As we work towards improving equity, diversity, and inclusion in libraries, Ettarh’s piece is a reminder and acceptance that we have been set up for feelings of failure. An important question worth posing emerges: being asked to exercise privilege to dismantle a system that inherently privileges the status quo, while inherently being a part of the problem- is such action possible? It is this uncomfortable yet required simultaneous positionality that feels somehow worse when also holding the embedded sense that librarianship is supposed to be glorious and good. This is taxing work. But Ettarh’s article helps these feelings to be named, understood, and perhaps, offers a reprieve for our profession by helping us unpack feelings of failure as we work to do better.

Knowledge justice: Disrupting library and information studies through critical race theory.

Published: 2021
Edited by Sofia Y. Leung & Jorge R. López-McKnight
Annotation by Allan Cho, October 26, 2021

Knowledge Justice features some of the strongest voices of BIPOC writers who are both academic scholars and library practitioners, composed of fourteen chapters that each draw from critical race theory (CRT) in countering foundational principles, values, and assumptions of objectivity and neutrality, long-cherished in Library and Information Science and Studies (LIS) teaching and practices.
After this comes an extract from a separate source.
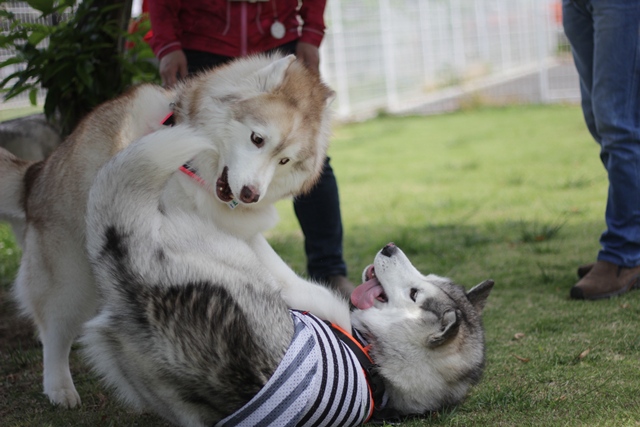 ついに辰之介くんお散歩デビューだぞい!!_b0207615_22521211.jpg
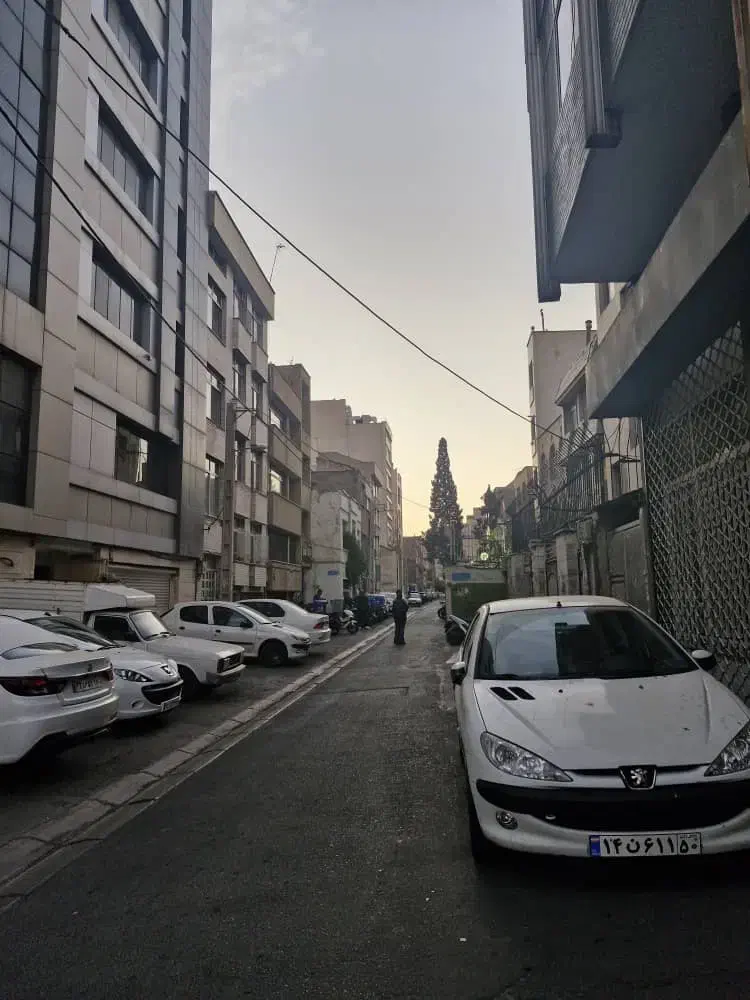 ۱۸۵ کلنگی خ انقلاب(۱۲فروردین)بر۹ پهنهm116|فروش زمین و ملک کلنگی|تهران, فلسطین (میدان انقلاب)|دیوار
While it’s no surprise to anyone that LIS is a predominantly white profession, the systemic inequities that historically marginalized groups face are often concealed behind colour-blind policies. For instance, the book reminds us that naming the problem in diversity statements or policies is important – whether it’s antiracism, harassment, etc. – rather than using boilerplate language and genericizing “diversity.”

With a focus on the counterstory, the book deconstructs the comfortable and clean history of the library and archival collections, scholarly communication, hierarchies of power, epistemic supremacy, children’s librarianship, teaching and learning, digital humanities, and the education system; Knowledge Justice challenges LIS to reimagine itself by throwing off the weight and legacy of white supremacy and reaching for racial justice. The authors propel CRT to center stage in LIS, to push the profession to understand and reckon with how white supremacy affects practices, services, curriculum, spaces, and policies. I’m deeply moved by the counter-stories shared, an approach that disrupts the long-held hegemonic narrative of libraries as scientific, rational, and neutral discipline and profession. The voices from this book are poignant, emotional, and at times, impassioned. In Kafi Kumasi’s chapter, “‘Getting InFLOmation’: A Critical Race Theory Tale from the School Library,” the narrator uses an approach from CRT, the counter-story, to explore stories, experiences, narratives, and truths of a black student entering Harvard University. Although it is a fictionalized account highlighting the struggles of race, power, and privilege encountered by this student, the chapter resonates with the themes and messages of the book, one which should be a key reference source for librarians, LIS students, and white allies.